Cette décision controversée, qui fait suite à un incident dans un palais de justice de Maniwaki, au Québec, où un adolescent s'est fait tirer une balle dans la tête après une altercation, s'inscrit dans le plan triennal de la province d'armer ses shérifs et ses agents de la sécurité routière.

En été, quelques douzaines d’agents de la sécurité routière ont été les premiers autorisés à porter des armes, après que le ministère de la Justice et de la Sécurité publique eut reçu les résultats d'une évaluation sur les risques professionnels.

Selon le ministère, 36 shérifs, soit environ un sur quatre en ce moment, ont été formés pour utiliser des armes à feu, mais le nombre augmentera chaque mois avec de nouvelles séances d'entraînement.

Le syndicat du Nouveau-Brunswick qui représente les shérifs a déclaré que les membres sont divisés. La moitié d’entre eux se sentent plus en sécurité avec une arme à feu, l'autre non.

Jusqu'ici, le gouvernement a laissé le choix aux shérifs de décider s'ils veulent obtenir une arme à feu ou non.

Mais ce ne sera pas le cas pour les nouveaux employés, pour qui il sera obligatoire de suivre une formation intensive de deux semaines à l'Académie de police de l'Atlantique à l'Île-du-Prince-Édouard et cinq jours de formation additionnelle à Moncton pour utiliser une arme semi-automatique.

Un jeune homme dans le coma

Mercredi, un jeune homme de 18 ans a été grièvement blessé lors d'un affrontement avec un constable spécial au palais de justice de Maniwaki au Québec.

La bagarre a commencé lorsque l'homme, qui venait d'être condamné à une peine de six mois de prison, a demandé une pause-cigarette et on lui a dit que c’était impossible.

L’accusé a réussi à enlever la matraque des mains du constable. Le constable aurait alors sorti son pistolet et a crié à l’accusé de lâcher son arme à plusieurs reprises.

L’accusé a dit au constable : « Tu veux me tirer, ben tire-moi, tire-moi! »

Le jeune contrevenant a alors fait mine de se lever et le constable a tiré. La balle a atteint l’homme dans le milieu du visage.

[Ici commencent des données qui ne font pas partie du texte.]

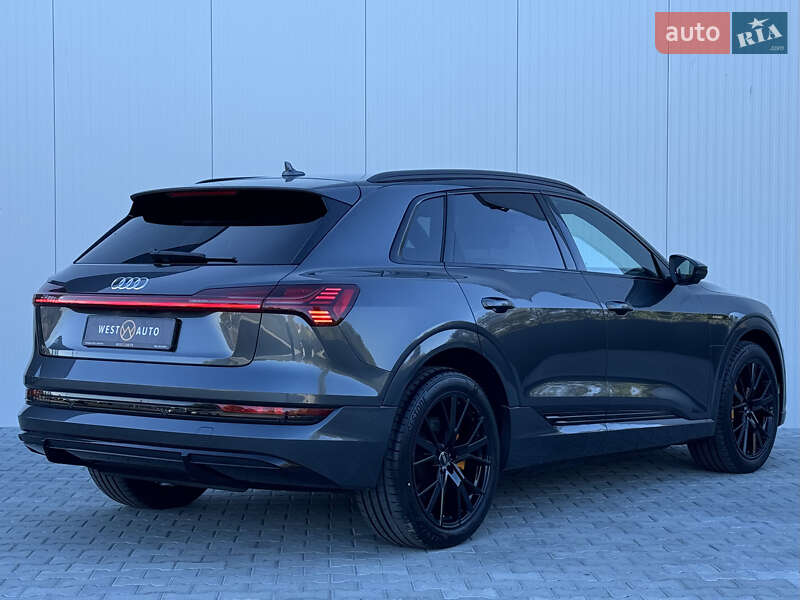 Позашляховик / Кросовер Audi e-tron 2022 в Мукачевому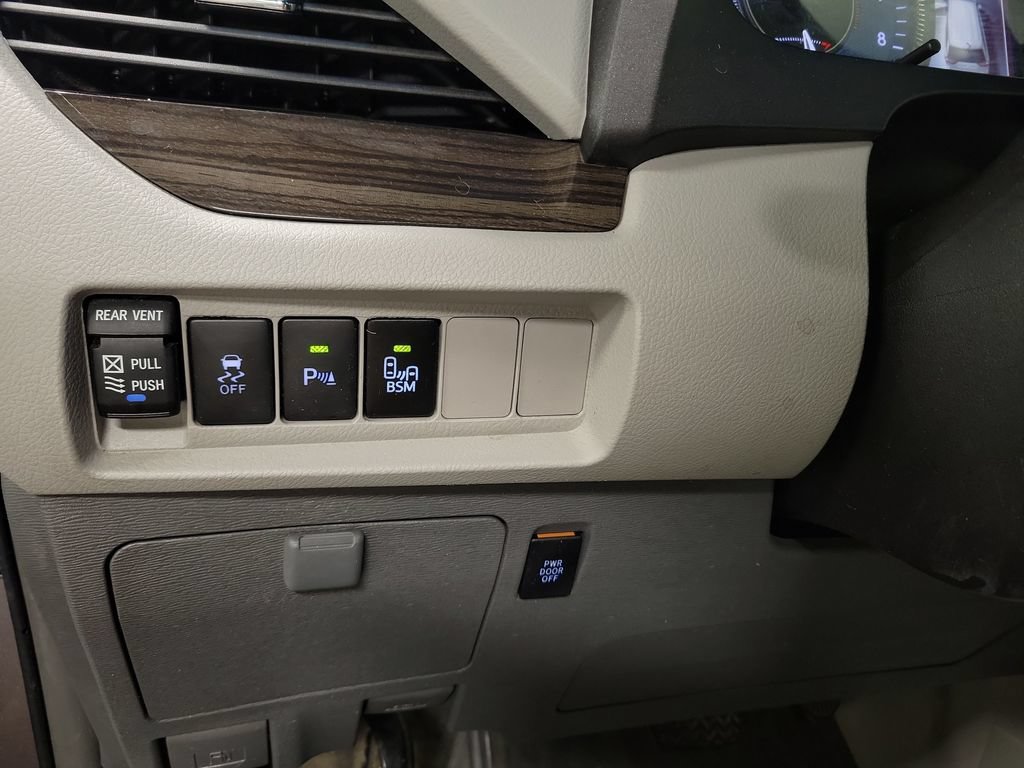Used 2017 Toyota Sienna XLE Premium FWD image 25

La mère du jeune homme de 18 ans qui a été grièvement blessé lors de l’affrontement avec un constable spécial au palais de justice de Maniwaki affirme que son fils est « ok, mais il est encore dans le coma ».

Une situation différente dans la province

Au Nouveau-Brunswick, les shérifs armés ne seraient pas autorisés à pénétrer dans les salles d'audience, ou même dans les couloirs.

Pourtant, selon Michael Boudreau, professeur de criminologie à l'Université Saint-Thomas, le cas du Québec est un exemple parfait de la façon dont les choses peuvent dégénérer lorsque des armes à feu sont introduites.

« Leur première réaction a été d'utiliser leur arme à feu, ce qui mène toujours à la tragédie », a déclaré M. Boudreau.

« Sans une formation adéquate au départ, puis une formation continue pour les shérifs, un incident comme celui-là pourrait se produire au Nouveau-Brunswick et c'est une tragédie que tous les partis voudraient éviter. »

M. Boudreau a indiqué que la province n'a donné aucune explication réelle sur la raison pour laquelle les shérifs devaient être armés.

Le coût pour armer les agents provinciaux est estimé à environ 300 000 $.